I'm trying to teach my kids to ask questions, to evaluate the product, the idea or the statement. I want them to know the pros and cons of making a purchase, a decision or taking a side. How do I do that when my values and ideals stand so squarely in opposition with most of what's out there? I can have them listen to Christian music, take them to church, and sanitize my home from all of the "junk." But they live in the real world and are confronted with the stuff every time they step foot out of my house.

So, I continue to try to educate. I ask them questions. I encourage them to ask me questions. And I am always as (appropriately) truthful with them as I can possibly be.

My fears are double-edged, you see. For as much as I worry about them being taken in by the world now, I worry more that they will rebel against all of the things we value as they turn into "free-thinking teenagers." I worry that the tattoos will become too enticing, the piercings will be too "cool." I fidget when I consider that they may like hanging out with the "bad" kids, because it makes them feel "mature." And I can't even begin to think of the drugs and sex issues without breaking into hives.

I hope to be able to look back at this time in years to come and laugh at the very idea of worrying over such fine, upstanding young men and women.
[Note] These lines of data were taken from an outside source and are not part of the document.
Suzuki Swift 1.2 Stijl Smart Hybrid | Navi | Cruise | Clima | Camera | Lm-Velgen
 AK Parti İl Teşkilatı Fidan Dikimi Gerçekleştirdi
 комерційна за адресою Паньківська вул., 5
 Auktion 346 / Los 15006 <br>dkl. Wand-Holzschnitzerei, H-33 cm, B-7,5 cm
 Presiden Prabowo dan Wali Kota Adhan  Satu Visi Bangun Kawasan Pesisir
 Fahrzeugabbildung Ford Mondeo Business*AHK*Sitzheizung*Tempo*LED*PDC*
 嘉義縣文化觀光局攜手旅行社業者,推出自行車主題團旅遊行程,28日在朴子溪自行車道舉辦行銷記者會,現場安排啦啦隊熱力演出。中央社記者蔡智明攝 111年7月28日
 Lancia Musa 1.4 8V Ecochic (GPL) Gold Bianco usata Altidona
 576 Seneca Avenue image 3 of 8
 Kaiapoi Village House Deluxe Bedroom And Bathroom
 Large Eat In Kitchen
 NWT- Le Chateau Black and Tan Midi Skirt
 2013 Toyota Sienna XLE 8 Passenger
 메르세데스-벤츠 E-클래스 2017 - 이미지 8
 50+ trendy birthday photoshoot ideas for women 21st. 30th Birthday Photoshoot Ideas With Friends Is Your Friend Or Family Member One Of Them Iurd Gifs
But for now, I am cautiously optimistic.

And (*bonus*) I have some really cool Super Shammies that will pick up spills, last for five years and clean glass without scratching.

AND, my kids think I'm cool (for the moment) for owning such miracles of modern science. So, maybe Salesman wasn't the only one who came out a winner tonight...

1 comment:

ThePrincessMommy said...

Very good! But . . . does it really work?